### INPUT DATA:
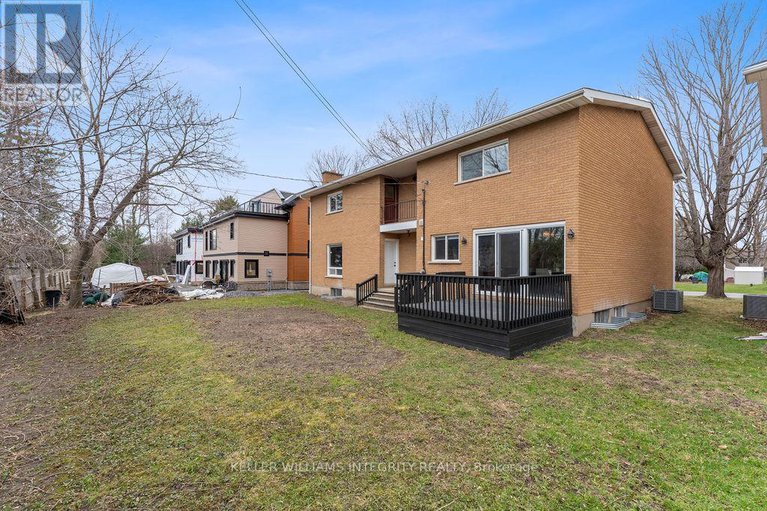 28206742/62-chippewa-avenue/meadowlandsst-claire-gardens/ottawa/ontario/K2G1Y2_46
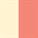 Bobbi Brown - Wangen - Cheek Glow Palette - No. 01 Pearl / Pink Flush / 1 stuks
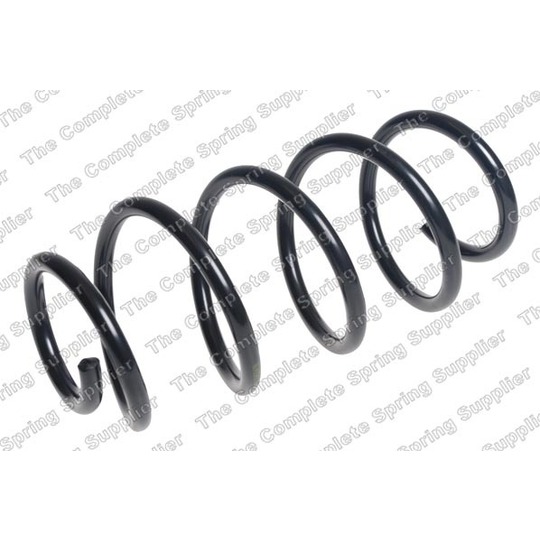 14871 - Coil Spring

### ABOUT THIS EXERCISE:
Minus its pictures, the full listing should be copied verbatim.

### RESPONSE TO THIS TASK:
 28206742/62-chippewa-avenue/meadowlandsst-claire-gardens/ottawa/ontario/K2G1Y2_46
 Bobbi Brown - Wangen - Cheek Glow Palette - No. 01 Pearl / Pink Flush / 1 stuks
 14871 - Coil Spring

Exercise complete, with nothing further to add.